Noise Contrastive Variational Autoencoders
This addresses a fundamental issue in VAEs for researchers and practitioners, offering a simple fix to improve model performance, though it is incremental as it builds on existing VAE frameworks.
The paper tackles the posterior collapse problem in variational autoencoders (VAEs), where latent codes become independent of inputs, by proposing NC-VAE, which uses noise contrastive estimation to prevent this collapse and shows empirical benefits on image and text datasets.
We take steps towards understanding the "posterior collapse (PC)" difficulty in variational autoencoders (VAEs),~i.e. a degenerate optimum in which the latent codes become independent of their corresponding inputs.

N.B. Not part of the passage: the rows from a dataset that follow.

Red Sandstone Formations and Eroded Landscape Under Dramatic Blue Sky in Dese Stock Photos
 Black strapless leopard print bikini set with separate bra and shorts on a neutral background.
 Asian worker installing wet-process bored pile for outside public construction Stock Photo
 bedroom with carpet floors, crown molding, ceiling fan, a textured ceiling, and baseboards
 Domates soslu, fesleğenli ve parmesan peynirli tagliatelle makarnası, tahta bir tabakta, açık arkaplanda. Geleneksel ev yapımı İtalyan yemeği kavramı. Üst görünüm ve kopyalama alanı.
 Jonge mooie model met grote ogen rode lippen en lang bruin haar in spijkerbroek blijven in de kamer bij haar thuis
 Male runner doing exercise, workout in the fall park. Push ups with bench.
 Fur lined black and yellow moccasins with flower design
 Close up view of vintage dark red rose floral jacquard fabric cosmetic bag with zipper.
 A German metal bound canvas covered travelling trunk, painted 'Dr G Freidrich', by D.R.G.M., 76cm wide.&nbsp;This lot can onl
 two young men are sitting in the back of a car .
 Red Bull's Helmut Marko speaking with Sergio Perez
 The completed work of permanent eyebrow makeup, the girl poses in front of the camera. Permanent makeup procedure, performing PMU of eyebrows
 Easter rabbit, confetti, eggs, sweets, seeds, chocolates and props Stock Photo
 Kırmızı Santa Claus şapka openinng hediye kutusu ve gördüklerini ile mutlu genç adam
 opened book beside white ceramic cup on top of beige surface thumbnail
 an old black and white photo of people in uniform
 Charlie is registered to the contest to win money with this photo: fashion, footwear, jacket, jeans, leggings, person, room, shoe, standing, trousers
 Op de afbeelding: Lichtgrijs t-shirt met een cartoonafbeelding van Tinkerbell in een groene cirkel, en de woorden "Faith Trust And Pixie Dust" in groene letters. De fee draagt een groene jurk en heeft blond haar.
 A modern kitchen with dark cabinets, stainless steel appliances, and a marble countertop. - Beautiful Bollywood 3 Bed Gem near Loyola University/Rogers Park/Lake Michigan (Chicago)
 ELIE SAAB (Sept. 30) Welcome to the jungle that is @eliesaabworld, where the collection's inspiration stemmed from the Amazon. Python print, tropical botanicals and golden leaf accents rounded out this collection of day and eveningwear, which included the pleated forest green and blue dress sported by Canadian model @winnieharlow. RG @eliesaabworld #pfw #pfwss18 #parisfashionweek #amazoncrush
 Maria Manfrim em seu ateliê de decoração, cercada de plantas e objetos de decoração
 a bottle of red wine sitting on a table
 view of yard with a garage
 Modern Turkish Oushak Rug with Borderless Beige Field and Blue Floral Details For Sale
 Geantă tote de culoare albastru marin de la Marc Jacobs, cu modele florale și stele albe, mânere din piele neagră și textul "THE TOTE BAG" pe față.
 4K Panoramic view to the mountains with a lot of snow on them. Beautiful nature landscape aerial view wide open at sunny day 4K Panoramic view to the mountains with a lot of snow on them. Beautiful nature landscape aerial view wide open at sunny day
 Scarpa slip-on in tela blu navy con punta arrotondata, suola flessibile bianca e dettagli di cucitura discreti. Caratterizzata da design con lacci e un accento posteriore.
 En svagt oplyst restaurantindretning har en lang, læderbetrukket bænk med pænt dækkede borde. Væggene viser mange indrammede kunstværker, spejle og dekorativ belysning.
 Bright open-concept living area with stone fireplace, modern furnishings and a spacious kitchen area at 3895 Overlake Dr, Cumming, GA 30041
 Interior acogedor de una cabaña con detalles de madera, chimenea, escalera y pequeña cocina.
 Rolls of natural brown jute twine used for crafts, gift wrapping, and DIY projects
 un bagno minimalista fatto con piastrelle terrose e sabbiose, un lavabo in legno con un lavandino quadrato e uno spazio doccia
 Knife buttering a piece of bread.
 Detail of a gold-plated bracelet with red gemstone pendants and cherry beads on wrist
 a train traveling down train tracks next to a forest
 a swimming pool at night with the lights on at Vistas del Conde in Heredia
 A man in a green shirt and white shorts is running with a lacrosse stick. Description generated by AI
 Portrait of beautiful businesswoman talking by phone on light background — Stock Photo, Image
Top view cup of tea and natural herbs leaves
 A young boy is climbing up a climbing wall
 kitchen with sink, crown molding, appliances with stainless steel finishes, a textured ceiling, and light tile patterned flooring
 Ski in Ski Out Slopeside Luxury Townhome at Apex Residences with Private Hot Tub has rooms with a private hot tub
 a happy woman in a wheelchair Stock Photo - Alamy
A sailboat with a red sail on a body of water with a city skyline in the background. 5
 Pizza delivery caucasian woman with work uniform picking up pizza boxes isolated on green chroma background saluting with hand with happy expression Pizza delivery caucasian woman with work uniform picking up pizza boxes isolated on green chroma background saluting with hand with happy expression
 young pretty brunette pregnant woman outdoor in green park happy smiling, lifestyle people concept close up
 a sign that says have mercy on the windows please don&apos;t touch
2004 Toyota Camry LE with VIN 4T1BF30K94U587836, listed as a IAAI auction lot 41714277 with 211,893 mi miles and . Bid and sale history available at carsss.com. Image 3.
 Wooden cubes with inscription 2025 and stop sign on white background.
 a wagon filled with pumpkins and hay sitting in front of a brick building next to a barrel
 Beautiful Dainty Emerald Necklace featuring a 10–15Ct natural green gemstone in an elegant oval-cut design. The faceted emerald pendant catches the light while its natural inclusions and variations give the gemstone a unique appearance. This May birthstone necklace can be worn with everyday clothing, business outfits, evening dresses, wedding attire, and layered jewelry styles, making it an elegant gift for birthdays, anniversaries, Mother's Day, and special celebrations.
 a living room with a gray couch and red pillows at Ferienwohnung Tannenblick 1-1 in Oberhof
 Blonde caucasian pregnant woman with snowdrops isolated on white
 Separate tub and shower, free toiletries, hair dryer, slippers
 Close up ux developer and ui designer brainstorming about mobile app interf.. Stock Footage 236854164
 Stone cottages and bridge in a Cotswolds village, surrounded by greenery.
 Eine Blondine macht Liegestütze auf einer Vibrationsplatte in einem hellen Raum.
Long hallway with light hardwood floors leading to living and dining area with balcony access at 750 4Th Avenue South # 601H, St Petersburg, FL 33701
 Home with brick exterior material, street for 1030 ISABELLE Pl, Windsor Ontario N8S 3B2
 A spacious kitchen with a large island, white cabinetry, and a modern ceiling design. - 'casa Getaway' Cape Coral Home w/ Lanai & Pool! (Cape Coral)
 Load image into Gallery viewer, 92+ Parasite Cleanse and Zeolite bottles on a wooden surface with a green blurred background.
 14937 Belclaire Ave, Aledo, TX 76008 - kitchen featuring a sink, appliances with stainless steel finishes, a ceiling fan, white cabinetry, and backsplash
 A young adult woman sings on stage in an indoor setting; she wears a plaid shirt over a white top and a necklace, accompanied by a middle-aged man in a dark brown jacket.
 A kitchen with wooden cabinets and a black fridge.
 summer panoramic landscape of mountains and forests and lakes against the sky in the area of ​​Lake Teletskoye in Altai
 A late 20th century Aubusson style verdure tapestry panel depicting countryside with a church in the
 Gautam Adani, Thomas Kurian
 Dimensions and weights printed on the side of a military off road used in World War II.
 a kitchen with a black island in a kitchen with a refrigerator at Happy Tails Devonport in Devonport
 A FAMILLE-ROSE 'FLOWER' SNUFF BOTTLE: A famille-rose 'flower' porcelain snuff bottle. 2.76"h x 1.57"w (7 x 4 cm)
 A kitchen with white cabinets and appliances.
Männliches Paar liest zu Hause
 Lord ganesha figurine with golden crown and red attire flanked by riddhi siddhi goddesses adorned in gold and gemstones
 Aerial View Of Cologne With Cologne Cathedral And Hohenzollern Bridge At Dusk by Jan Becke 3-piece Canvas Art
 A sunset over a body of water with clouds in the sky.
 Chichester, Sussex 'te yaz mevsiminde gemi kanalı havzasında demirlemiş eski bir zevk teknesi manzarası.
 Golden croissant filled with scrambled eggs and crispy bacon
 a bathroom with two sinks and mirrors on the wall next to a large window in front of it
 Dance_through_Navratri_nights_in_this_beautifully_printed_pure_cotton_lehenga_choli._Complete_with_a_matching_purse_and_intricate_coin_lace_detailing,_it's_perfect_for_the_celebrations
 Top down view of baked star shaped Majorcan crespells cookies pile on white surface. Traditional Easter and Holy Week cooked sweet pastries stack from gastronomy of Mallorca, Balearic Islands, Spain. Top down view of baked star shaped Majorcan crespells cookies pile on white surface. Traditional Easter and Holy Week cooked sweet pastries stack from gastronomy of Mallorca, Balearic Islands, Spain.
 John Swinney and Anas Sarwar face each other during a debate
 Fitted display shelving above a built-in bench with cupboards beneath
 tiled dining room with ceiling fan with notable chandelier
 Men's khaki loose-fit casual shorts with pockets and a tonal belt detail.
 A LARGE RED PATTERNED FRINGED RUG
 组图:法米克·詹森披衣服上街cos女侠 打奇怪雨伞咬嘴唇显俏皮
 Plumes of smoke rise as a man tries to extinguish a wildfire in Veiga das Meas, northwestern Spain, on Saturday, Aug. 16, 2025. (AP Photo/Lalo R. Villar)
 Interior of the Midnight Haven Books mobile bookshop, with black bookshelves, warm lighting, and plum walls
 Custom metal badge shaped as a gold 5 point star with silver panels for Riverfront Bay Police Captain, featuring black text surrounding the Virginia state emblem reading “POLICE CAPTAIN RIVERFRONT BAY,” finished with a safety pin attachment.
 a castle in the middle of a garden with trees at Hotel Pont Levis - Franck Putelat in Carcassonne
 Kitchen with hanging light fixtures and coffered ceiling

We rely on calculus of variations and theoretically explore a few popular VAE models, showing that PC always occurs for non-parametric encoders and decoders. Inspired by the popular noise contrastive estimation algorithm, we propose NC-VAE where the encoder discriminates between the latent codes of real data and of some artificially generated noise, in addition to encouraging good data reconstruction abilities. Theoretically, we prove that our model cannot reach PC and provide novel lower bounds. Our method is straightforward to implement and has the same run-time as vanilla VAE. Empirically, we showcase its benefits on popular image and text datasets.